|Image [cc] laughlin|
This seems obvious, but at the same time overlooked by so many. Thinking about this brought two things to mind. First – my sister works in compliance for a bank. She is not part of the legal department. Compliance is easily re-named as preventative law. So why isn’t it part of legal?
Second – at a former firm I helped develop a Litigation Readiness Audit service. The service was designed to help clients be better prepared for e-discovery, so they would not be hit with large costs when litigation occurred. Very few clients were interested in this. Their response “I don’t have a budget for that.” Say what?
In all the push for cost savings, you would think something as obvious as being proactive to prevent legal problems would be high on every GC’s list. It’s the old penny-wise, pound foolish maxim.

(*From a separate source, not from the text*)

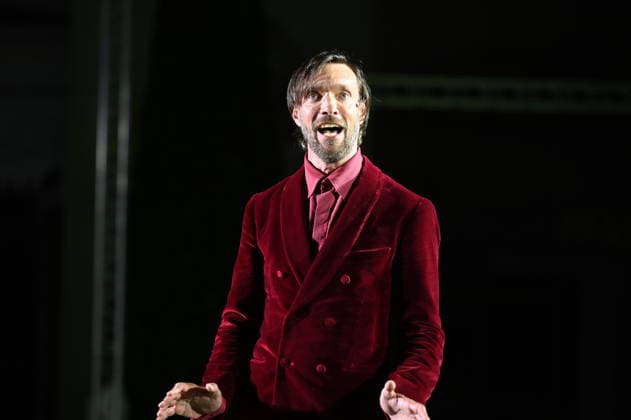 RECORD DATE NOT STATED Christoph Luser, Guter Gesell Teufel, Jedermann, Fotoprobe, Salzburger Festspiele, Domplatz, Salzburg, 2026, Manfred Siebinger *** Christoph Luser, The Good Devil, *Jedermann*, photo rehearsal, Salzburg Festival, Domplatz, Salzburg, 2026, Manfred Siebinger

My read on this: GCs are not much different than law firm partners. Or in other words, they are risk averse. Going to the CEO proactively and asking for extra money now to save money in the future is a big risk for them. They will then have a new responsibility and more accountability. They will have to prove the savings over some period of time. So why take on more risk and responsibility when the outcome is unknown?
Jeff Carr has obviously taken this on. While his company has grown substantially, his overall legal budget has gone … down. But then Jeff sees himself as a business man with legal expertise. So risk (and reward) is in his vocabulary.
To me this is another manifestation of the Paradigm of Precedence. Lawyers are trained to look backwards not forwards. In this case, the real risk is actually ceding the preventative law role to compliance or some other department in the company. Taking the route that appears safe is actually the path to much higher risk.